Business assets in Kenya can include a wide range of property, such as shares in a private or public company, partnership interests, sole proprietorship assets, intellectual property, business equipment, real estate used for business purposes, and financial accounts tied to the business. These assets form part of an individual’s estate, which, under Section 3 of the Law of Succession Act, includes all property, rights, and obligations owned by the deceased at the time of death. Including these assets in a will ensures that they are distributed to intended beneficiaries, such as family members, business partners, or other designated persons, in line with the testator’s wishes.

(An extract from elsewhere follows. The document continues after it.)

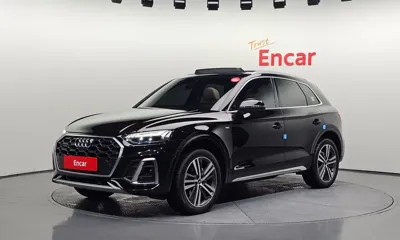 Audi Q5 · 2021 год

However, business assets often have unique characteristics, such as ongoing operations, shared ownership, or tax obligations, which necessitate careful planning to avoid disputes or financial burdens for beneficiaries. The interplay between the Law of Succession Act and the Income Tax Act is crucial in determining how these assets can be transferred without incurring unnecessary tax liabilities.
Legal Framework: Law of Succession Act (Cap 160)
The Law of Succession Act (Cap 160) governs both testate and intestate succession in Kenya. For business owners who wish to include their business assets in a will, the following provisions are relevant:
1. Capacity to Make a Will
Under Section 5 of the Law of Succession Act, any person who is of sound mind and over the age of 18 can create a valid will. This includes the ability to dispose of all their free property, including business assets, by will. The testator must understand the nature of the will, the extent of their assets, and the legal obligations to provide for dependants, such as spouses and children, to ensure the will’s validity.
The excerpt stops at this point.